I did a quick search and found a couple of nice calculation engines, but unfortunately none fit my needs. Some were a too large, some would not build under Silverlight, some were in C++, some required third party parser DLLs, etc.

So I decided to adapt the parser and logic from a script engine I wrote a while ago for a reporting library. This code was stable and solid. All I had to do was extract the pieces I needed, clean them up, and optimize them as much as possible for size and speed.

The result was CalcEngine, a calculation engine that is small, fast, and extensible. I am happy with it; my Silverlight project is now done and I was able to use it in a couple of WinForms projects as well.

The next sections describe the functionality provided by the CalcEngine class, and how to use it in a project that extends the DataGridView control to provide formulas.

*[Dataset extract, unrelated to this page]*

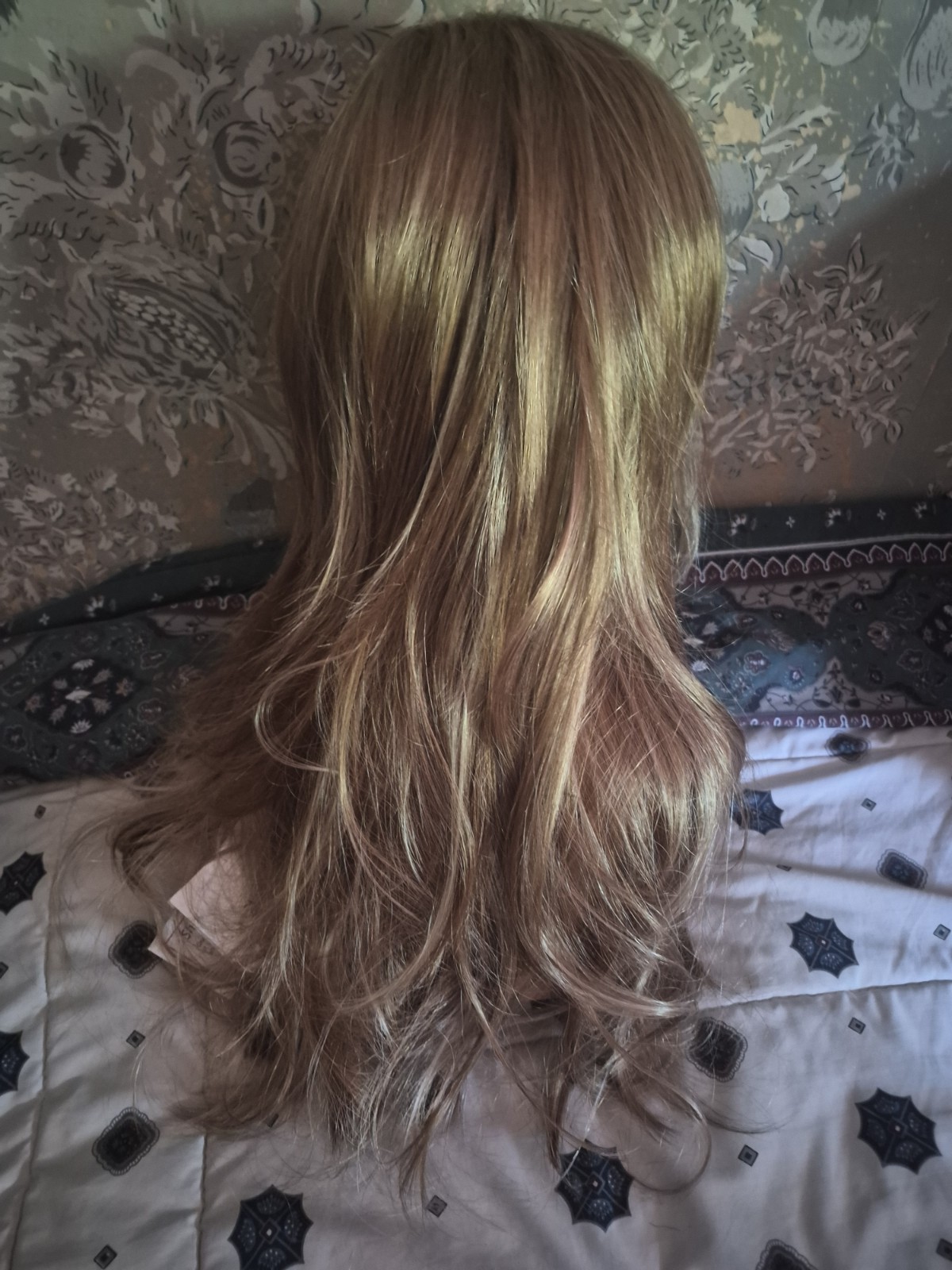 TressAllure Ashlyn V1301 Mimosa HL Wavy Layered Synthetic Wig Average cap New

The last section contains some benchmarks and comparisons between CalcEngine and other popular calculation engines, so you can decide when and where to use each one.

Before getting into the actual content, let me make a quick disclaimer: during my initial research, I noticed some readers feel this subject is exhausted. In their opinion, there are too many articles about expression parsers and evaluators already. I respectfully disagree. There are indeed lots of articles on this subject, but that is because the subject is deep, interesting, and useful. NCalc's author Sebastien Ros put it very well in his original CodeProject article:

"Creating a mathematical expression evaluator is one of the most interesting exercises in computer science, whatever the language used. This is the first step towards really understanding what sort of magic is hidden behind compilers and interpreters....".

I agree completely, and hope that you do too.

Using the CalcEngine class

The CalcEngine class performs two main tasks:

  1. Parses strings that contain formulas into Expression objects that can be evaluated.
  2. Evaluates Expression objects and returns the value they represent.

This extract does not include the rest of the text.